(What is needed) Would you please set down the lines of the data from the one containing "Skims Nikeskims Matte Scoop Neck Bra Currant" to the final line, exactly and only those?

(Exercise data)
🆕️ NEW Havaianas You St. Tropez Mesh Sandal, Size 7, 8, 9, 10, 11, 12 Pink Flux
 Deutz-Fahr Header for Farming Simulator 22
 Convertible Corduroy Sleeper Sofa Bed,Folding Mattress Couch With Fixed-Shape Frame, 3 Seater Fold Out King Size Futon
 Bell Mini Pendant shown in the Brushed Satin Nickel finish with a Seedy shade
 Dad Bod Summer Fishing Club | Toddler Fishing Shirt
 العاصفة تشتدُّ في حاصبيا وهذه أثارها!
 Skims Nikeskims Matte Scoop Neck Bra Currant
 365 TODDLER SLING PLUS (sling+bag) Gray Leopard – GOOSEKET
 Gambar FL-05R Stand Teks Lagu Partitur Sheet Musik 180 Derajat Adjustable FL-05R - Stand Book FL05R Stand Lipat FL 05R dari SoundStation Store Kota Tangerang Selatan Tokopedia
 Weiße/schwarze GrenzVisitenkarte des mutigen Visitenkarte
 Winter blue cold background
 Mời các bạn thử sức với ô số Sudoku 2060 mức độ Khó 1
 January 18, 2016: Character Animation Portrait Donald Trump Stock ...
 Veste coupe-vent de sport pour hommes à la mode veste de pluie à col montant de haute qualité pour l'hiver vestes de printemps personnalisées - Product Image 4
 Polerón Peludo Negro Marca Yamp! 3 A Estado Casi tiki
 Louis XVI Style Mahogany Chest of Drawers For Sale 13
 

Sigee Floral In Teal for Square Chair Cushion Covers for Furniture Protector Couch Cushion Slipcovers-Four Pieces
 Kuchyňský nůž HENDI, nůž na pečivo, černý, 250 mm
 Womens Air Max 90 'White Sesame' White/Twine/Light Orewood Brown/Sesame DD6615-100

(Answer box)
 Skims Nikeskims Matte Scoop Neck Bra Currant
 365 TODDLER SLING PLUS (sling+bag) Gray Leopard – GOOSEKET
 Gambar FL-05R Stand Teks Lagu Partitur Sheet Musik 180 Derajat Adjustable FL-05R - Stand Book FL05R Stand Lipat FL 05R dari SoundStation Store Kota Tangerang Selatan Tokopedia
 Weiße/schwarze GrenzVisitenkarte des mutigen Visitenkarte
 Winter blue cold background
 Mời các bạn thử sức với ô số Sudoku 2060 mức độ Khó 1
 January 18, 2016: Character Animation Portrait Donald Trump Stock ...
 Veste coupe-vent de sport pour hommes à la mode veste de pluie à col montant de haute qualité pour l'hiver vestes de printemps personnalisées - Product Image 4
 Polerón Peludo Negro Marca Yamp! 3 A Estado Casi tiki
 Louis XVI Style Mahogany Chest of Drawers For Sale 13
 

Sigee Floral In Teal for Square Chair Cushion Covers for Furniture Protector Couch Cushion Slipcovers-Four Pieces
 Kuchyňský nůž HENDI, nůž na pečivo, černý, 250 mm
 Womens Air Max 90 'White Sesame' White/Twine/Light Orewood Brown/Sesame DD6615-100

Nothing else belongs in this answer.